VIX Falls as Fear Returns
Fear is looking cheap again.
The Volatility Index fell yesterday to 18.98 – its lowest level since April 29. That date happens to fall a few days after the Dow and the S&P hit their post-2007 highs…and a few days before the May 6 “flash crash.”
If you’re not familiar with the VIX, it’s a measure of fear in the market, based on what people are paying for options on the S&P 500.
Today, even as fear rises ever so slightly, the VIX struggles to break through 20.
“We are getting close to extreme territory,” said Chris Mayer on April 12, when the VIX sat below 16. “We are near the limits of what that great rubber band of life will absorb before it snaps back. The VIX usually hovers between 10-20. So we are not quite there yet, but the tension is building.”

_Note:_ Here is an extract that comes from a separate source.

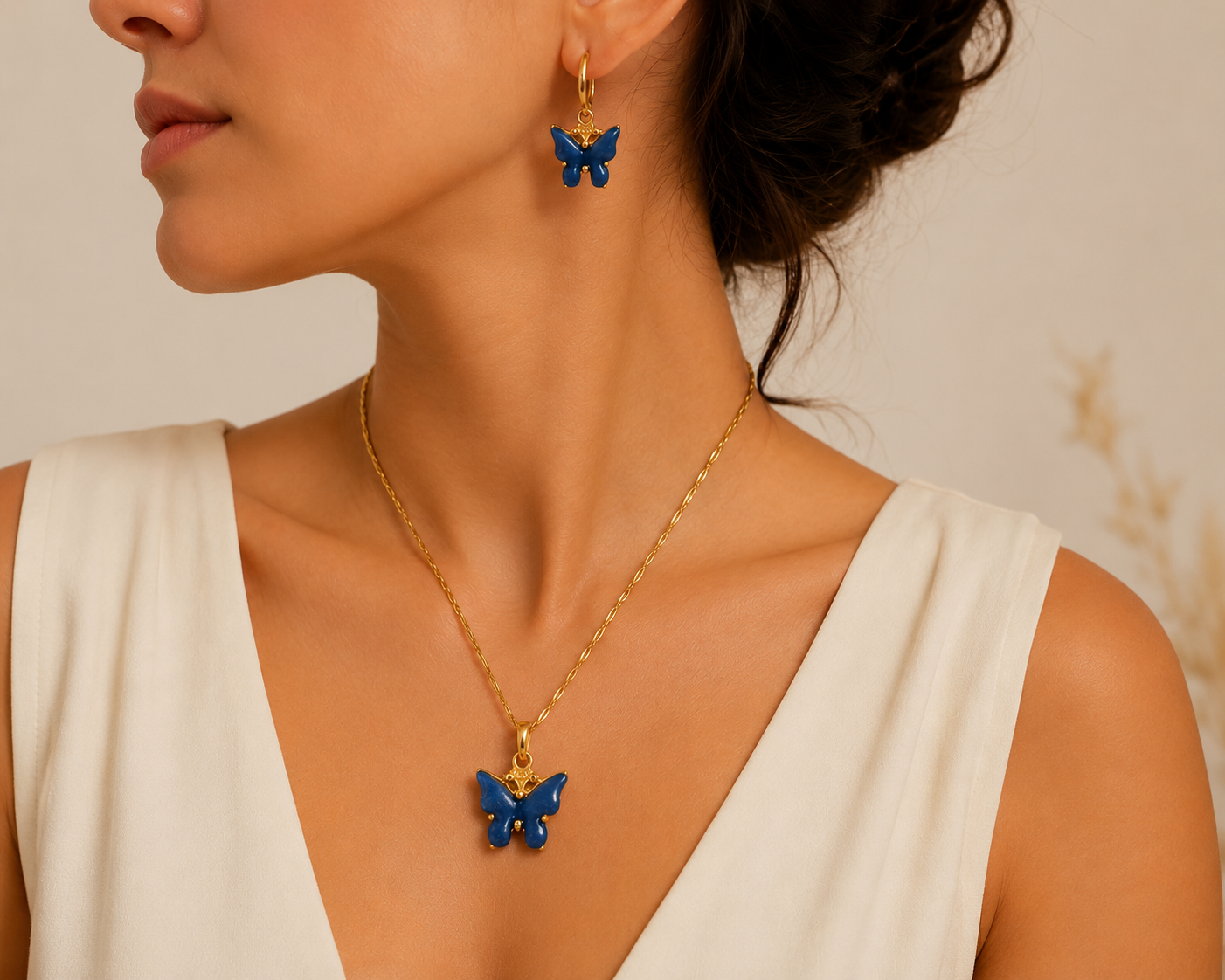 Blue Butterfly Necklace & Earring Set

He went on to cite some of the factors…
“The financial system is still a rather creaky affair. Leverage is still high. Banks remain undercapitalized. The credit cycle has not yet run its full course, as there are still significant credit losses hiding in the cupboards of banks.
“Then there are the governments of the world. The US has awful credit metrics. It is bleeding money and owes huge debts. The states are also bleeding money and have large debts, including giant gaps in unfunded pension liabilities. They are perhaps worse off, because unlike the US government, the states cannot print their own money. Then there is the EU. And Japan.”
We ask this morning: How much of this has changed, six months later to the day?